§ Exercise details
Produce the full set of records below once more, exactly as they stand.

Collected data entries
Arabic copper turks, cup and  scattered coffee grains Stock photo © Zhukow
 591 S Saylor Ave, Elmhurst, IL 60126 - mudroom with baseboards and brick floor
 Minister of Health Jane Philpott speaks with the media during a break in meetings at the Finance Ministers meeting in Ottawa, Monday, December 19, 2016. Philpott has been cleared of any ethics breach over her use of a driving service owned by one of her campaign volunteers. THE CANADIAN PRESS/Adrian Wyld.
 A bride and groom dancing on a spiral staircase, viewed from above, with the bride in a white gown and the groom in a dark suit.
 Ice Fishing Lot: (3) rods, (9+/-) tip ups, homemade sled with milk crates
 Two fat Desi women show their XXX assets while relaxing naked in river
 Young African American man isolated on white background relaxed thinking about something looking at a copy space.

§ Final answer
Arabic copper turks, cup and  scattered coffee grains Stock photo © Zhukow
 591 S Saylor Ave, Elmhurst, IL 60126 - mudroom with baseboards and brick floor
 Minister of Health Jane Philpott speaks with the media during a break in meetings at the Finance Ministers meeting in Ottawa, Monday, December 19, 2016. Philpott has been cleared of any ethics breach over her use of a driving service owned by one of her campaign volunteers. THE CANADIAN PRESS/Adrian Wyld.
 A bride and groom dancing on a spiral staircase, viewed from above, with the bride in a white gown and the groom in a dark suit.
 Ice Fishing Lot: (3) rods, (9+/-) tip ups, homemade sled with milk crates
 Two fat Desi women show their XXX assets while relaxing naked in river
 Young African American man isolated on white background relaxed thinking about something looking at a copy space.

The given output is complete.